## Requirement
Lines from the one with "Playset Colorbaby Football 13 Pezzi" up to and including the one with "Mapa de las" are to be copied exactly from the records below, without their pictures.
[[ Data extracts, beginning ]]
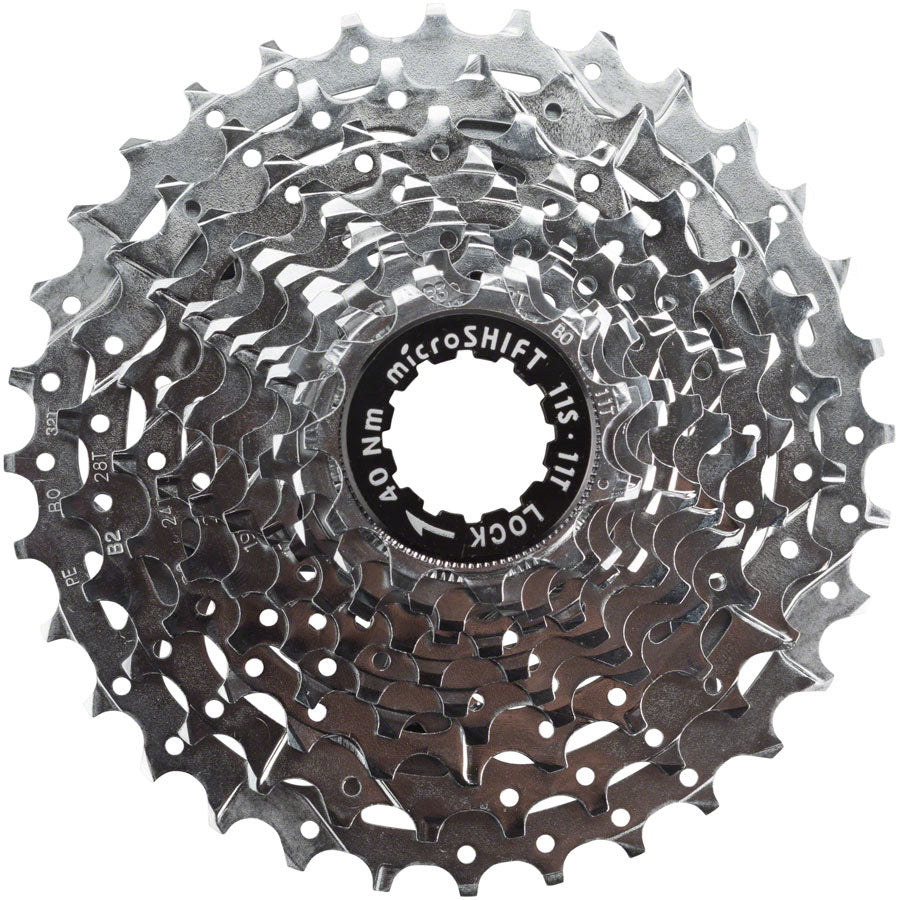 Cassette microSHIFT H11 - 11 Velocidades 11-32t Plateado Cromado
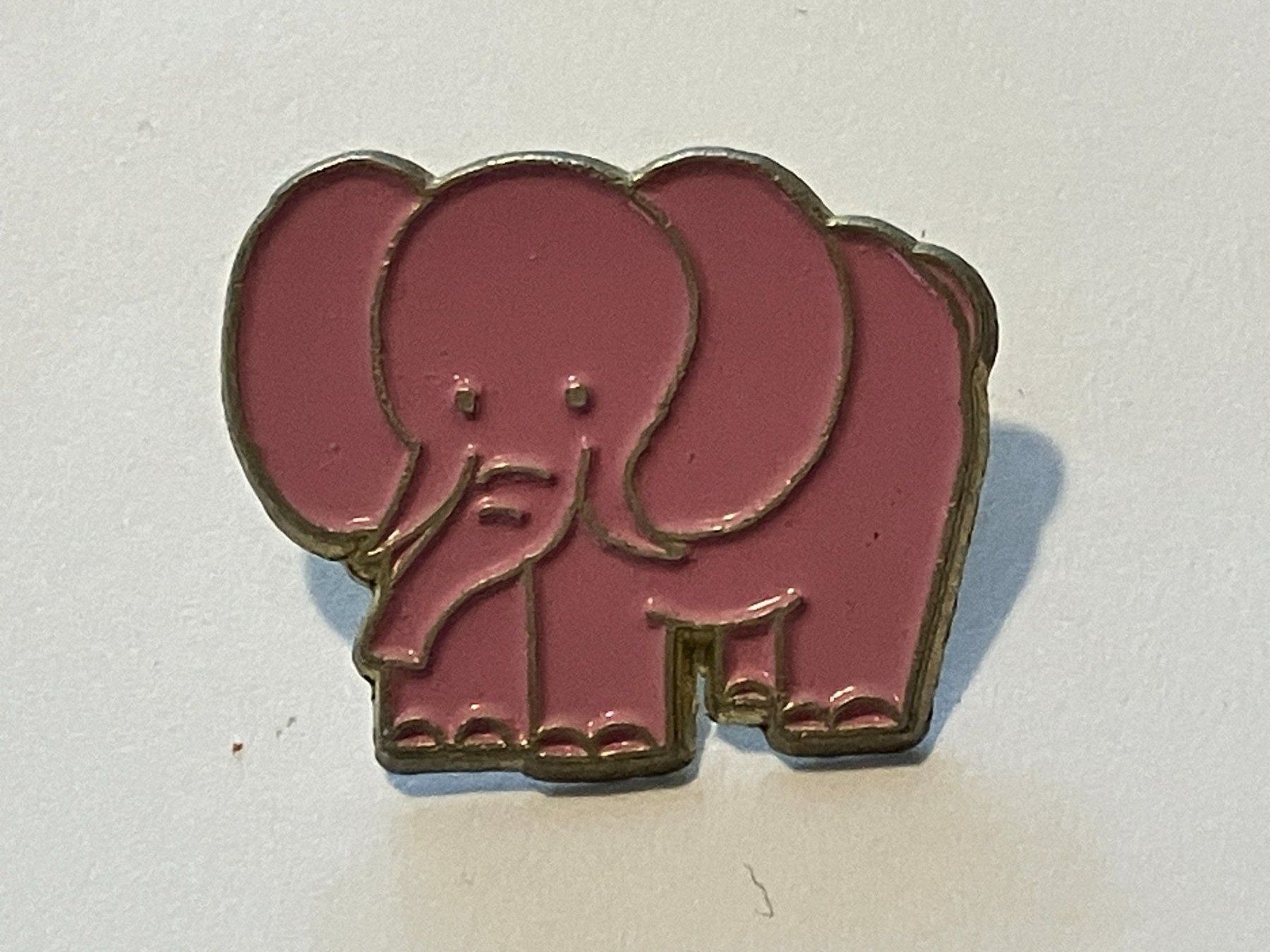 Plaketten & Abzeichen: 1 Pin Rosa Elefant – Gebraucht aus Basel von djwwpp
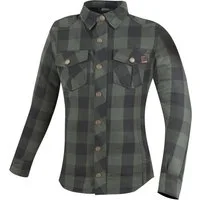 Bogotto Motorradjacke Forgewood Damen Motorrad Hemd protektoren weitenverstellbar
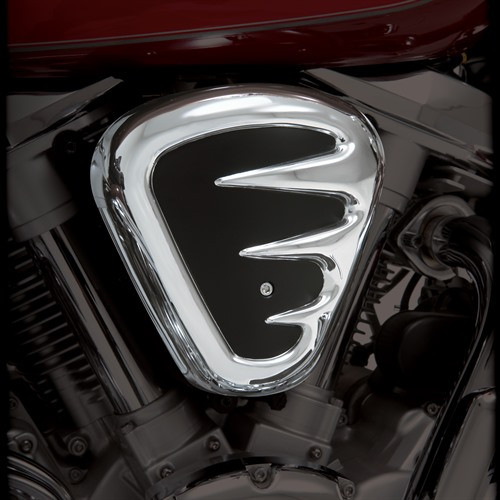 Show Chrome Accessories New Contours Air Cleaner, 62-106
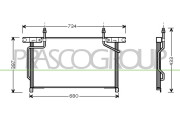 DS273C002 Kondenzátor, klimatizace PrascoSelection PRASCO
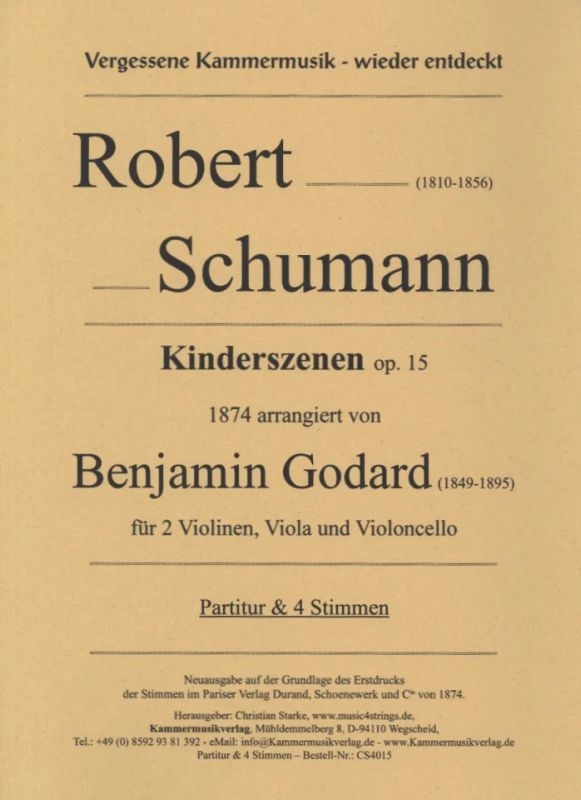 Robert Schumann - Kinderszenen op. 15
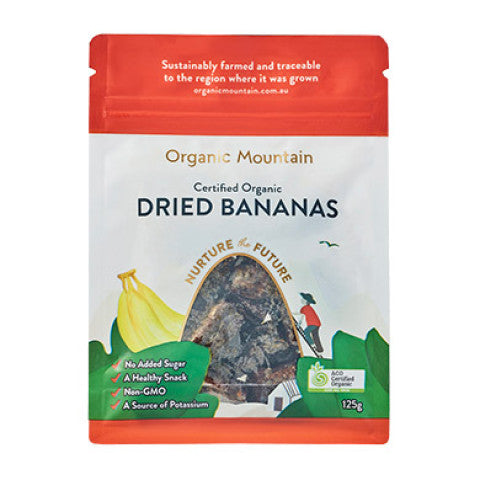 Organic Mountain Mountain Dried Banana 125g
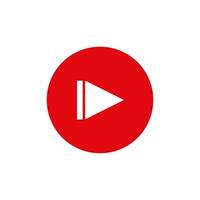 Multimedia Next Play Buttons. Media Player Icons vector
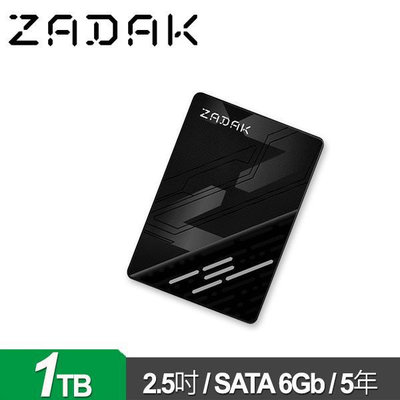 ZADAK TWSS3 1TB 2.5吋 SATA SSD【風和資訊】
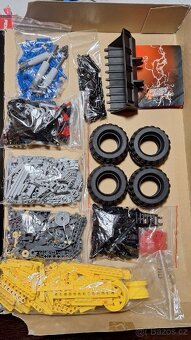 Velká Sada 3 stavebnic Lego technic: Nakladač+Traktor+Motor - 6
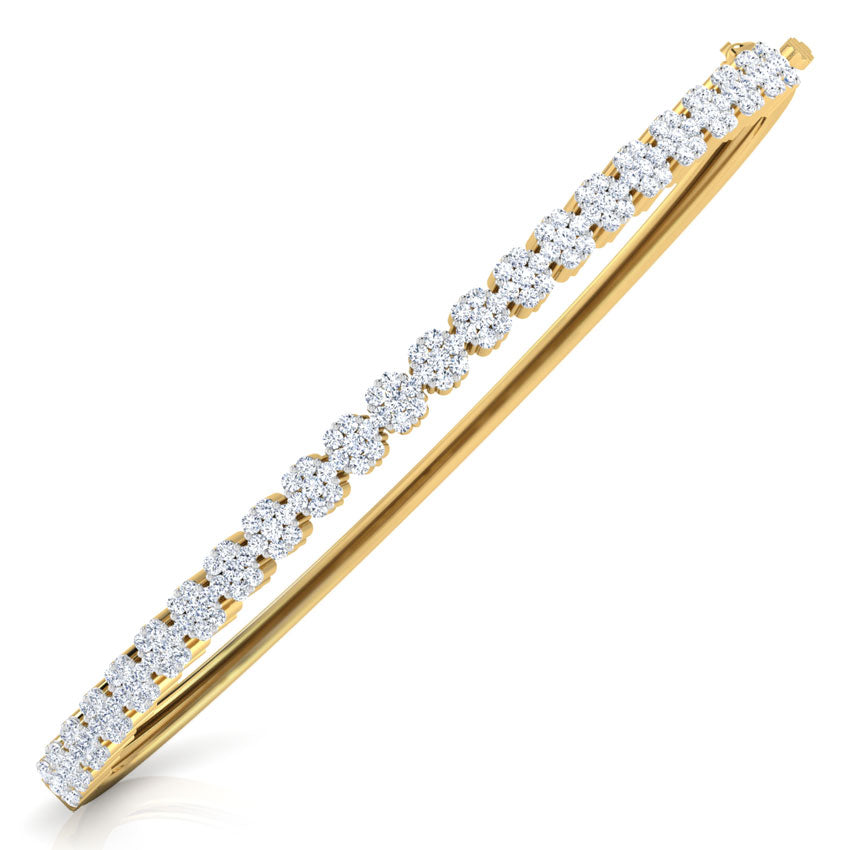 Elegant Cluster Diamond Bracelet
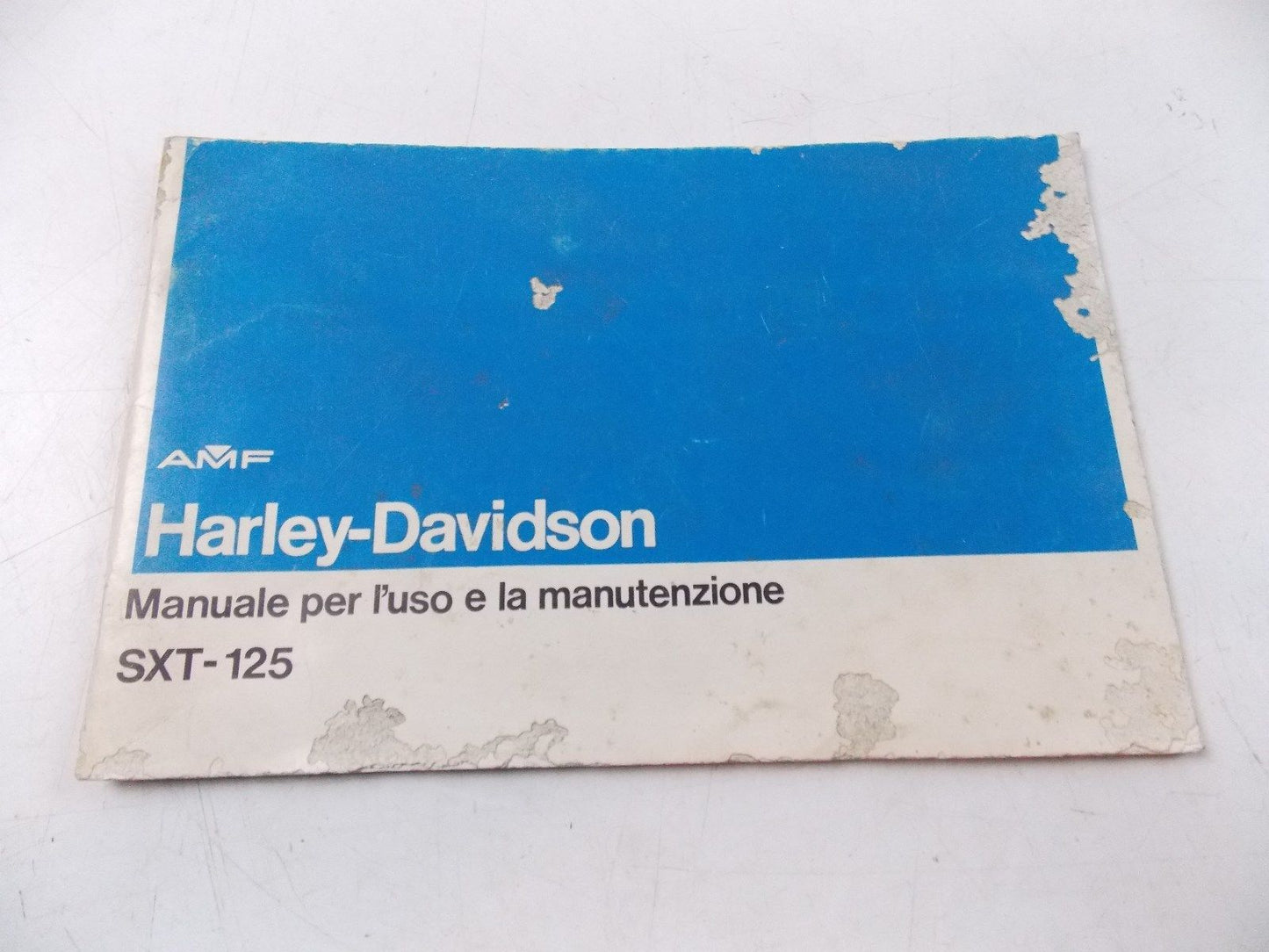 NEW HARLEY 1975 OWNER'S USER MANUAL BOOK SXT125 ITALIAN - MotoRaider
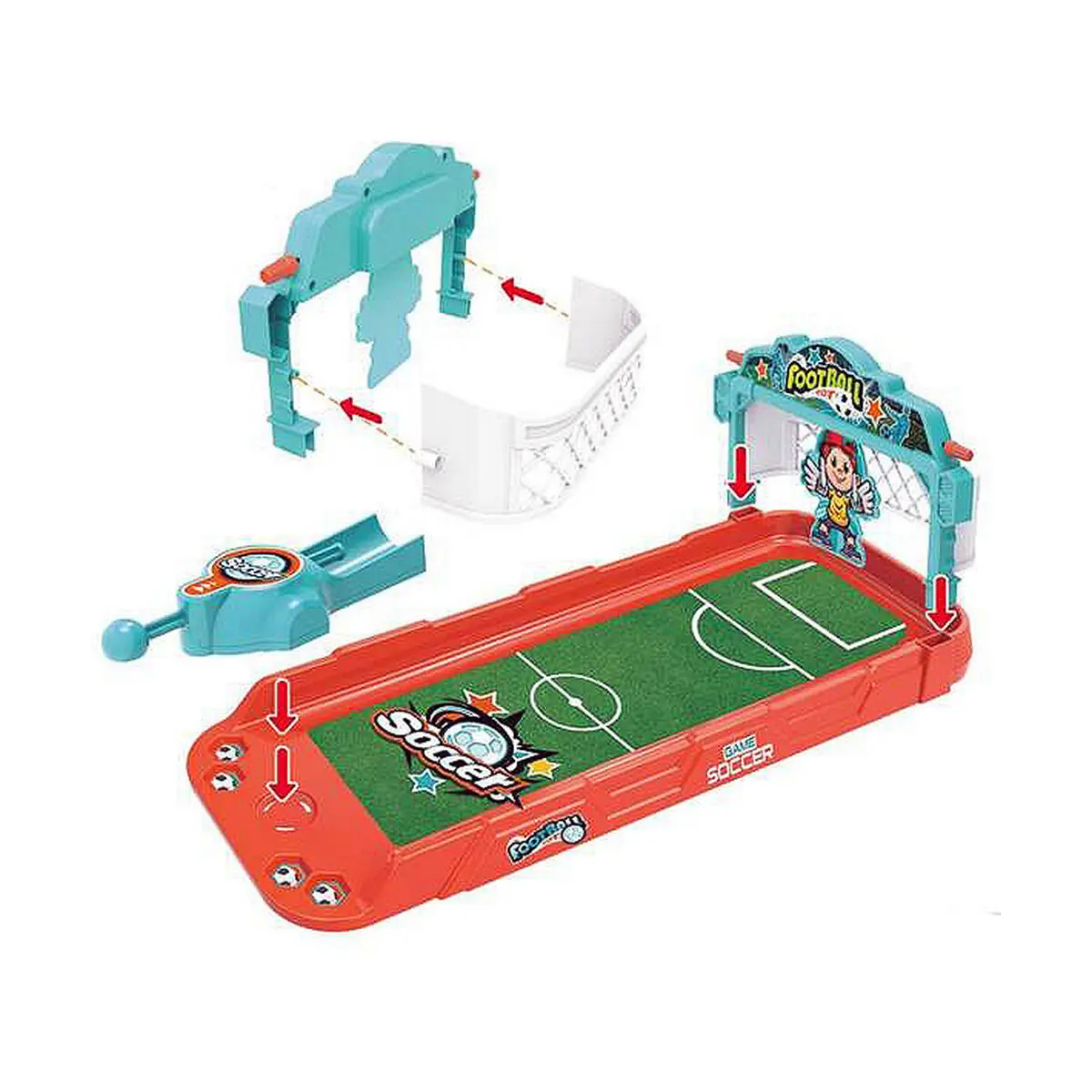 Playset Colorbaby Football 13 Pezzi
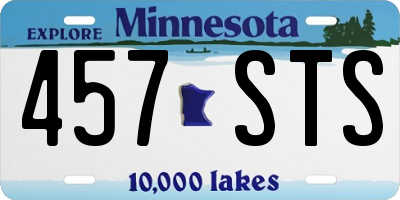 MN license plate 457STS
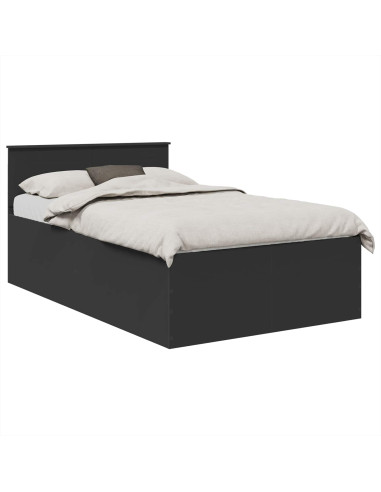 Struttura del letto Nero 135 x 190 cm Legno multistrato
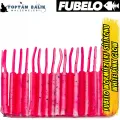 Fubelo Wormiez LRF Silikon Yemi - White Pink Glow 5.2 cm (18 Adet)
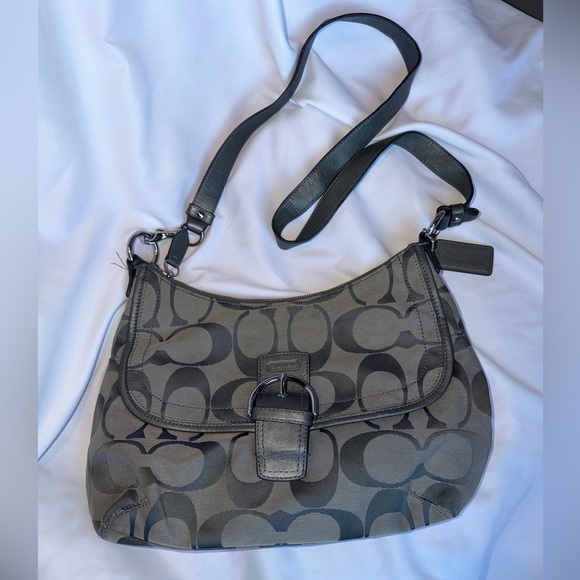Coach Handbags - Coach Gray Cross Body Shoulder Bag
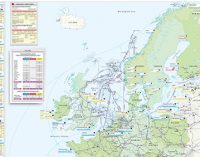 Mapa de las infraestructuras europeas de GNL de 2018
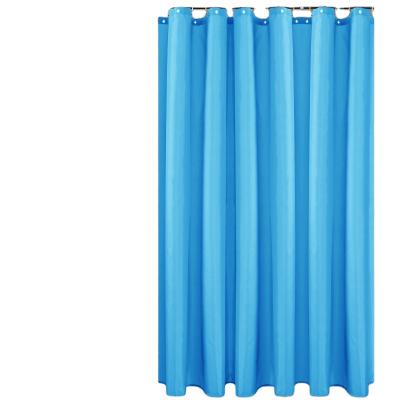 China Sustainable Wholesale DB Rust Resistant Fabric Heavy Hotel Bathroom Weighted Shower Curtain Set Without Liner for sale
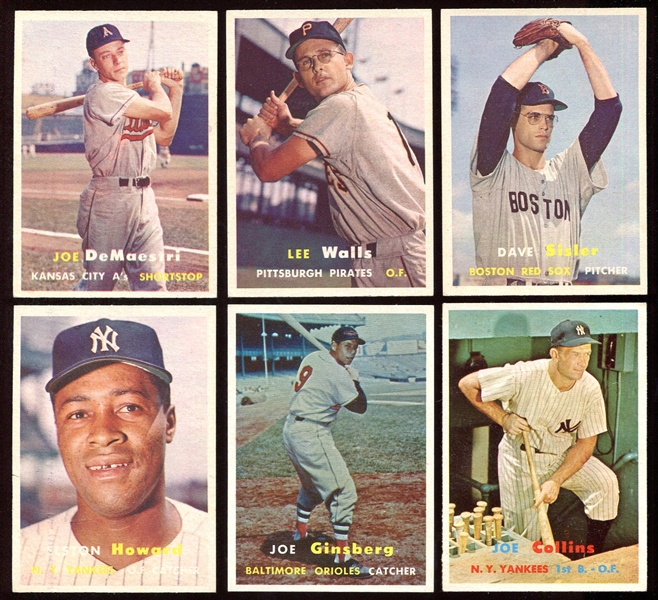 1957 Topps Lot of 19 Different Ex-Exmt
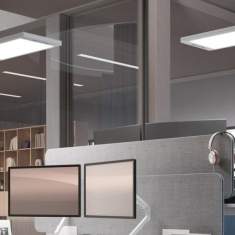 Stehlampe Tageslicht Designer Stehleuchte ergonomische Büroleuchte Waldmann Neue Generation LAVIGO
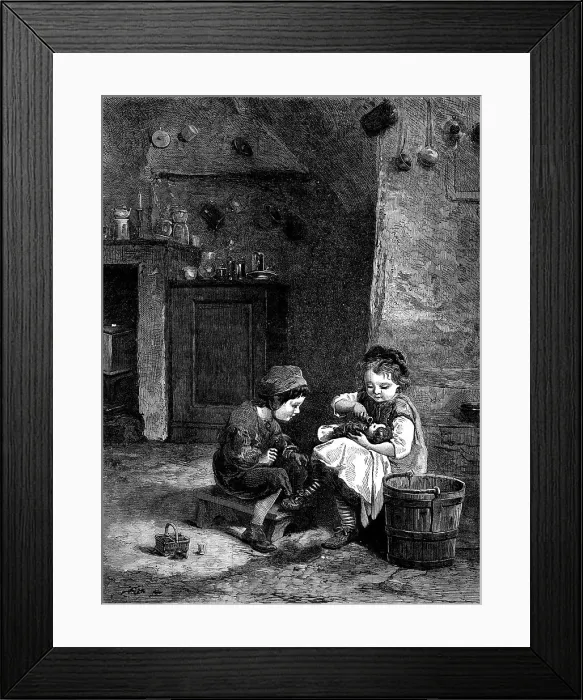 Framed Print : The Patient, by P. E. Frere, in the International Exhibition, 1871. Creator: Unknown Framed Print : The Patient, by P. E. Frere, in the International Exhibition, 1871. Creator: Unknown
[[ Data extracts, end ]]
## Expected output
 Playset Colorbaby Football 13 Pezzi
 MN license plate 457STS
 Struttura del letto Nero 135 x 190 cm Legno multistrato
 Fubelo Wormiez LRF Silikon Yemi - White Pink Glow 5.2 cm (18 Adet)
Coach Handbags - Coach Gray Cross Body Shoulder Bag
 Mapa de las infraestructuras europeas de GNL de 2018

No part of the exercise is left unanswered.